La pregunta no ha dejado de regresar: ¿Serge Daney fue un crítico o un teórico? Frente a un dilema marchito y romo de nacimiento, la prosa sigue respondiendo por el muerto: soy obra de un escritor. Siempre he pensado que a Daney se le ocurrieron todas aquellas cosas que se le deberían haber ocurrido al resto. Sin afán acaparador, sin rastro de esoterismo y apartando el falso laurel que trepana las sienes de los profetas, poseía una evidente capacidad de anticipación. Sordo a las esquilas que guiaban la piara, Daney era rebeldía y destreza frente a la imagen. Amigo de la libertad que ofrecía la primera persona del singular y de la decencia necesaria para no expedir recetas, perteneció a esa estirpe menguante a la que uno aspiró: la del intersticio, la de la visión más que la de la mirada, la de la respiración entre imágenes. Ese atrevimiento para habitar el intervalo, esto es, esa voluntad para producir presente, sigue siendo el único espacio que nos mantiene alejados de nostálgicos y gurús de garrafón.

De las lecturas de Daney se desprenden imágenes no necesariamente agradables. Leerlo no es pasear por un jardín, sino por el interior de una lonja. Y hacerlo a primera hora del día, justo cuando el hoy se satura, con la incertidumbre propia del negro que se va y del sol que no llega. El pensamiento de Daney es relente, hielo picado, ideas en cencellada. Renunciar al terciopelo de las escamas para entregarse al efecto lija de las mismas. Subir la rampa, pensar la raspa, respirar el ambiente acre y glacial hasta hacer de nuestros pulmones una cámara frigorífica más. Ser conscientes de que el bermellón de las agallas no se entiende sin el pringue de las vísceras que colman los carros.

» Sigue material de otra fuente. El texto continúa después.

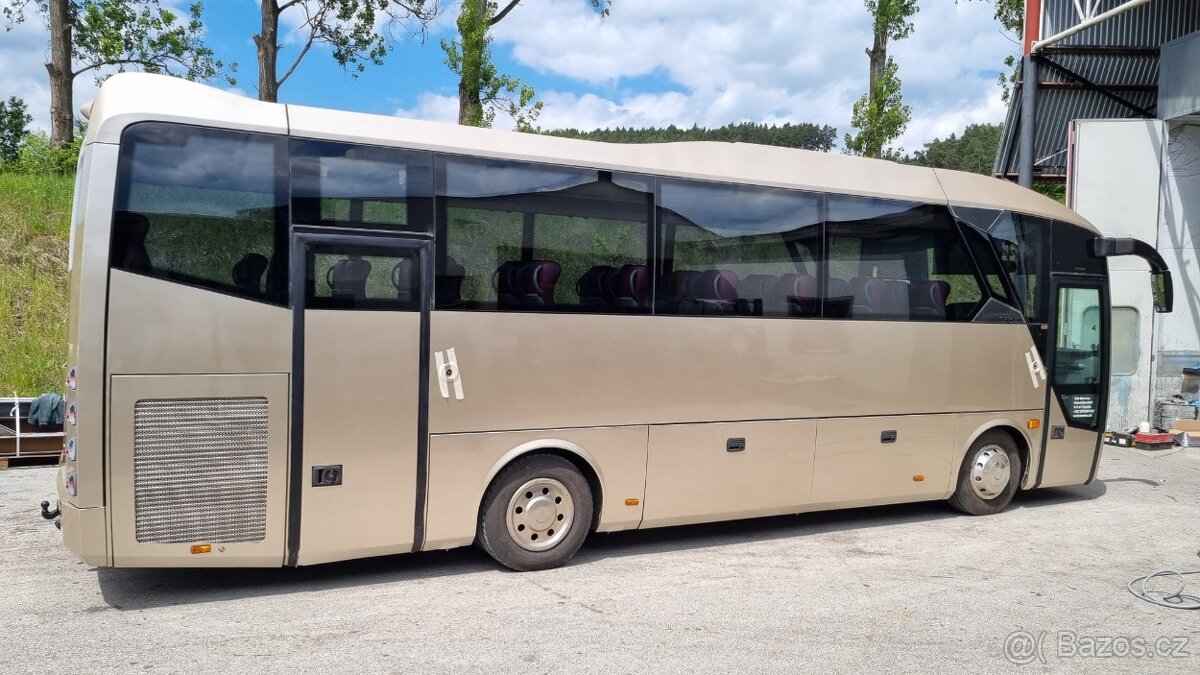 Dálkový autobus ISUZU VISIGO Euro 6 35+2 - 7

Daney escribe a tajamar, diferenciando allí donde todo parece lo mismo, abriendo las aguas. En su lonja reverbera el futuro, los gatos se relamen junto a la puerta, la subasta inicia su salmodia y el iris de los peces interpreta el simulacro de un fotograma de Brakhage.

Antes de recibirlo en mi casa, tal ha sido su deferencia, pienso en los modales a emplear y en las necesidades a satisfacer de un muerto. Yo, lector de Lucrecio, despreciador de las afecciones post mortem y de la congoja producida por nuestro ser anterior, sé que «Nada es, pues, la muerte». Sin embargo, aun a riesgo de incomodarlo, me dispongo a iniciar la conversación preguntando por ella. Lo hago porque siento que esta curiosidad no deja de ser un mecanismo de control del intelecto. Suena el timbre, no tengo nervios, reconozco sus huesos en la mirilla. Su rostro es seco, pero amplio y acogedor como un teatro. Las cuencas de los ojos parecen hornacinas, bromeo sobre sus gafas, le digo que ahora las pantallas de cine son más pequeñas que sus cristales. No da crédito, no me cree. Sin embargo, no duda cuando le aseguro que el SIDA ha dejado de ser una sentencia a muerte.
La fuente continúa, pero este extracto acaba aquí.